My ever-inquisitive husband asked, as I muttered my way through this lection, “What did the chief priests and elders really think of John’s baptism?” The text reveals their thought process only in terms of the answer most likely to further their goals, not their true opinions. I suspect the text doesn’t share that detail because they didn’t much care. It just didn’t matter. They were concerned with maintaining correctness, not with finding truth, with their own authority in the temple, not their relationship with the Creator. They prioritized perpetuating their current lifestyle over living life. And the tricky bit – the bit that makes me just a bit sorry for them? They never, ever knew it.

Why do I say with such confidence they didn’t know it? They answered the question. They didn’t answer questions that they perceived as potentially threatening in some way. The answer is so obvious – the first son did the will of his father. They do not see in themselves the second son.

Oscar Romero said, “It is very easy to be servants of the word without disturbing the world: a very spiritualized word, a word without any commitment to history, a word that can sound in any part of the world because it belongs to no part of the world. A word like that creates no problems, starts no conflicts. What starts conflicts and persecutions, what marks the genuine Church, is the word that, burning like the word of the prophets, proclaims and accuses: proclaims to the people God’s wonders to be believed and venerated, and accuses of sin those who oppose God’s reign, so that they may tear that sin out of their hearts, out of their societies, out of their laws – out of the structures that oppress, that imprison, that violate the rights of God and of humanity.”

Week by week we confess together that we have sinned against God, “by what we have done, and by what we have left undone”. It is so hard sometimes, so very hard, to fathom the undone – compassion withheld, charity not offered, welcome not given, inequity unmarked, injustice not rectified.This is the point of the confession each week. We do not confess in order to fill in the blank – sins confessed, check – good for another week there. We do not confess in order to make us feel ashamed or humiliated – that helps no one. We confess to protect us from walking merrily along in our own bubbles of denial or ignorance – to acknowledge that we are imperfect, that God’s work is still there to be done, in ourselves and in the world.

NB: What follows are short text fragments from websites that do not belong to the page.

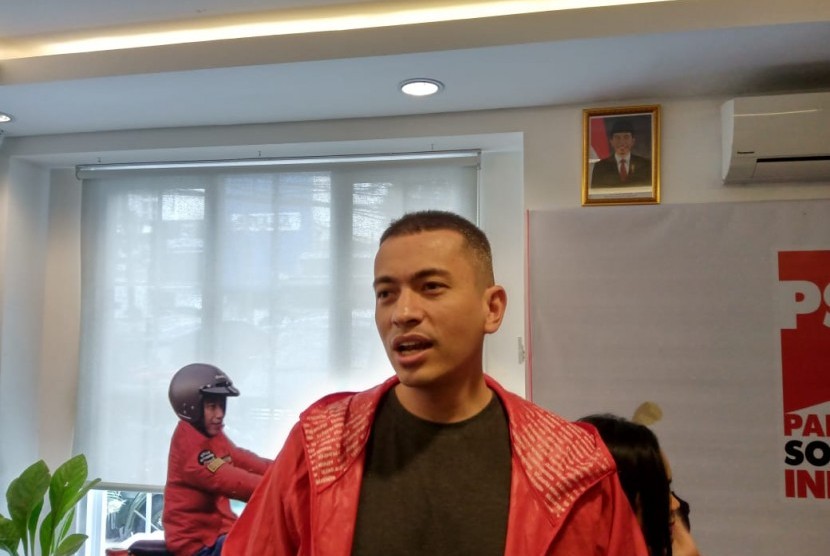 Wakil Ketua DPW PSI DKI Jakarta, Rian Ernest Tanudjaja, mendorong KPK untuk awasi proses pemilihan Wakil Gubernur DKI di Tanah Abang, Jakarta Pusat, Senin (15/7).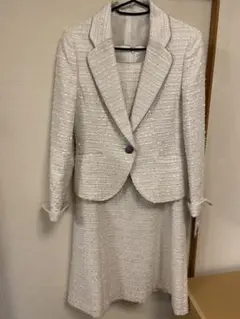 WHITE JOOLA ホワイトジョーラ製　フォーマルスーツ ワンピースのサムネイル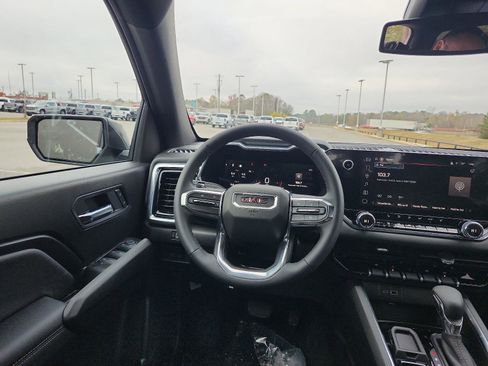 New 2026 GMC Canyon Elevation w/ Convenience Package image 7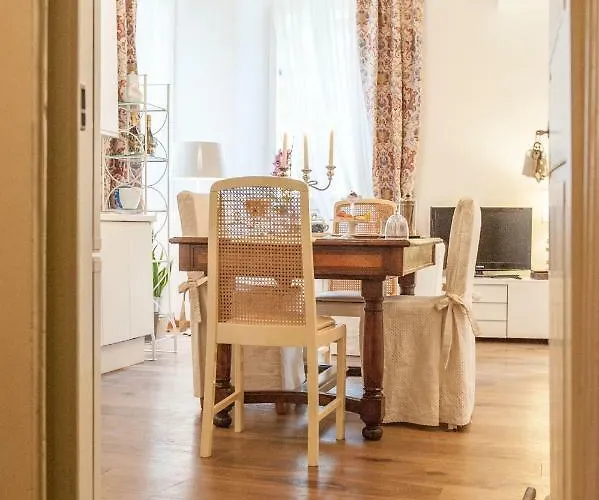 Borgo Dei Salinari *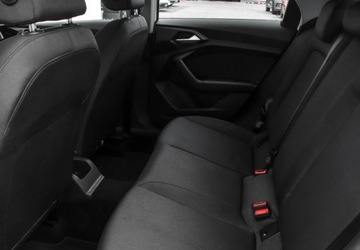 Audi A1 II 1.0 TFSI 110KM 2023 Audi A1 Sportback A1 30TFSI 110KM, kamera cofania, kierownica 3-ramienna, zdjęcie 10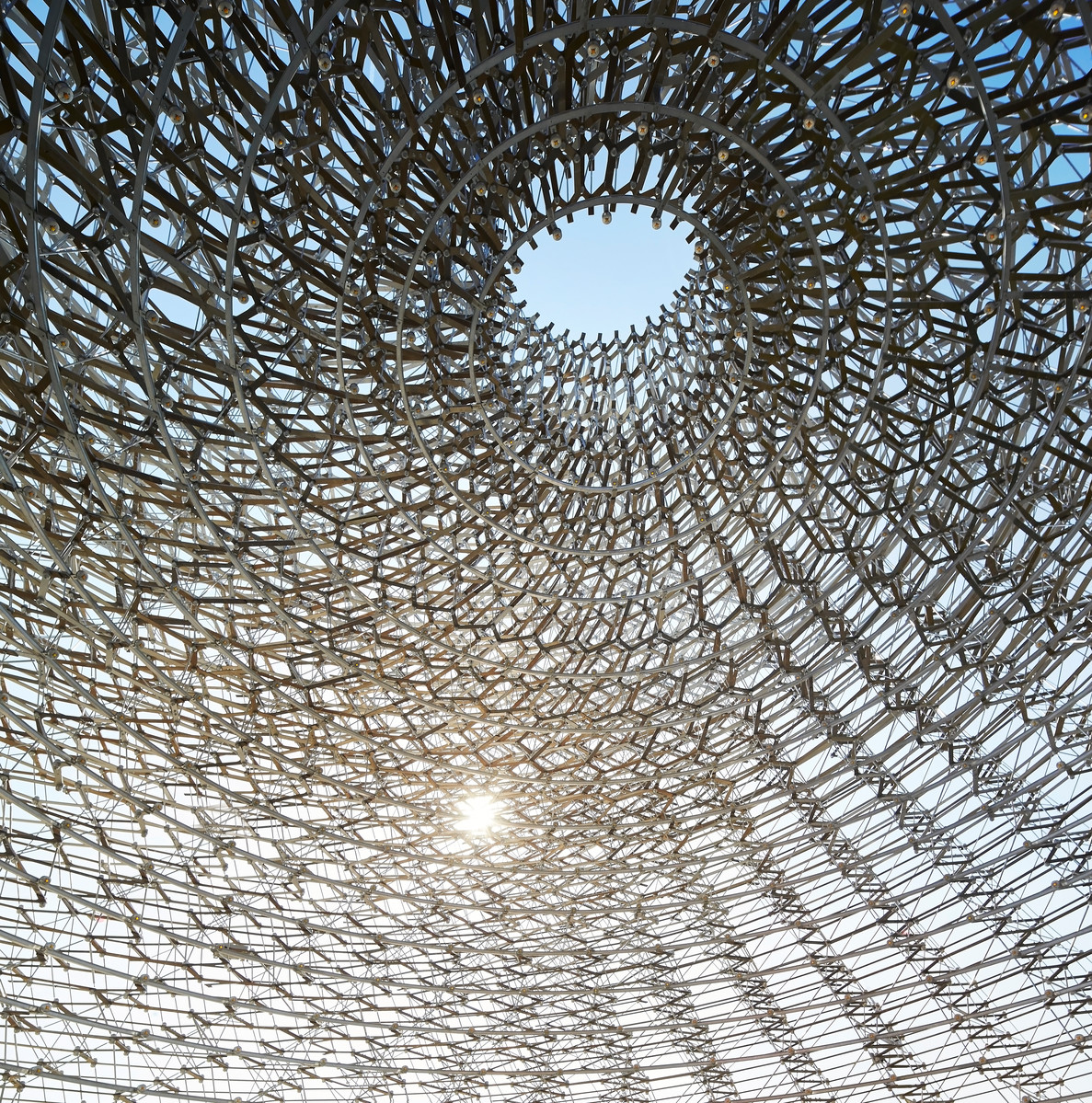 United_Kingdom_Inside_the_Hive_by_Day_1_courtesy_of_UKTI_©_Crown_Copyright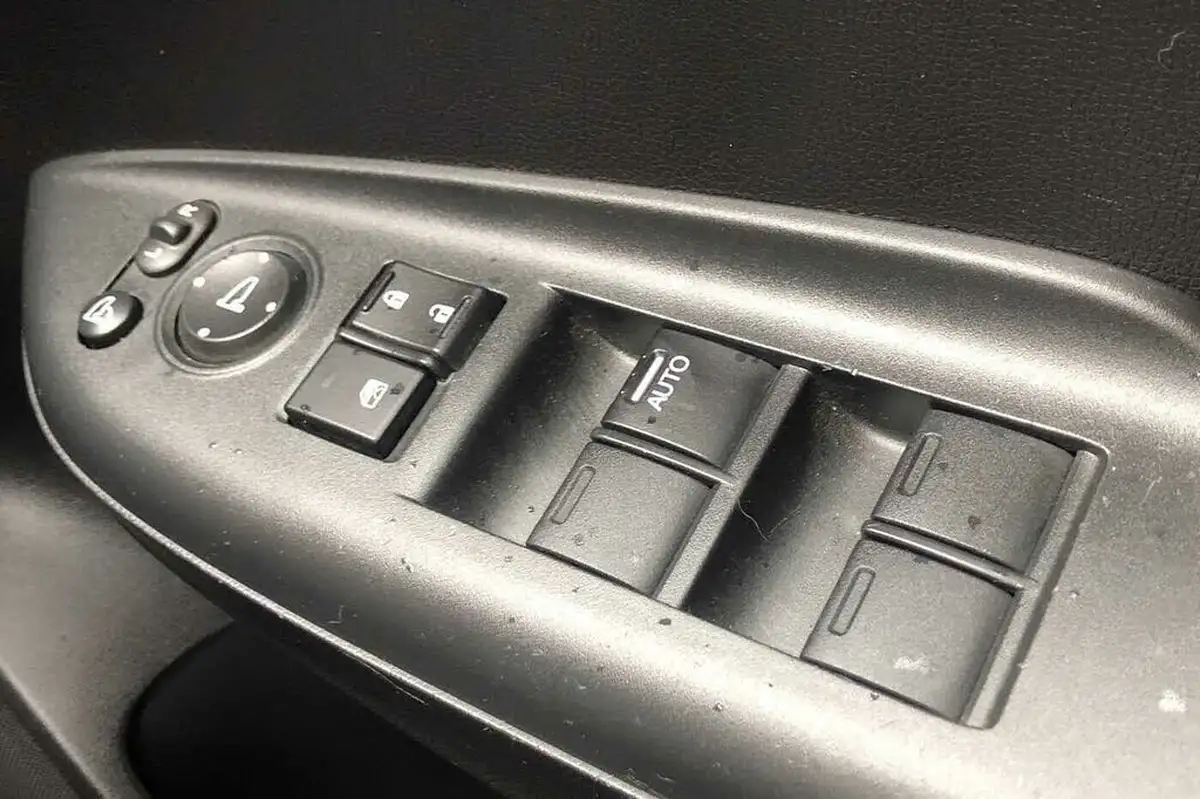 2019-honda-jazz-13-i-vtec-se-cvt-big-45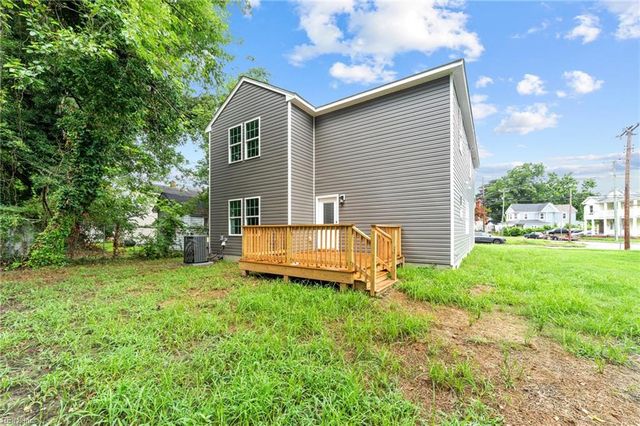 1039 33rd ST, Newport News, VA 23607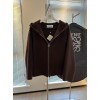 Yi-Loewe-032
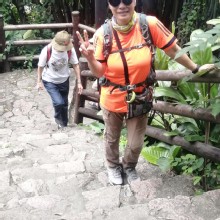 Thumbnail of pic_Lee_Woo_015.jpg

Political comedian Stephen Colbert said, “If this is gonna be a Christian nation that doesn’t help the poor, either we’ve got to pretend that Jesus was just as selfish as we are, or we’ve got to acknowledge that he commanded us to love the poor and serve the needy without condition — and then admit that we just don’t want to do it.”

We could be that person. We could hide behind words and propriety and self-justification – it worked for the chief priests and the elders. Week by week, day by day, we ask to walk in the way of Jesus. Author Irma Zaleski says “repentance (turning the path around) is a uniquely Christian path of liberation from self… We feel “conditioned”: bound by the chains of our habits and compulsions, our likes and dislikes, our fears and guilt, our inability to love. Our great tragedy is that we so often mistake these habits and compulsions for our true self. … Our false self must die, so that we can find our true self, the self which God meant us to be and which he created in his image and likeness.” It means choosing truth over correctness, relationship with God over dedication to orthodoxy. It means choosing life, choosing love. It means turning back to God, again and again and again. Cast away from you all the transgressions that you have committed against God, and get yourselves a new heart and a new spirit! Turn then, and live. Amen.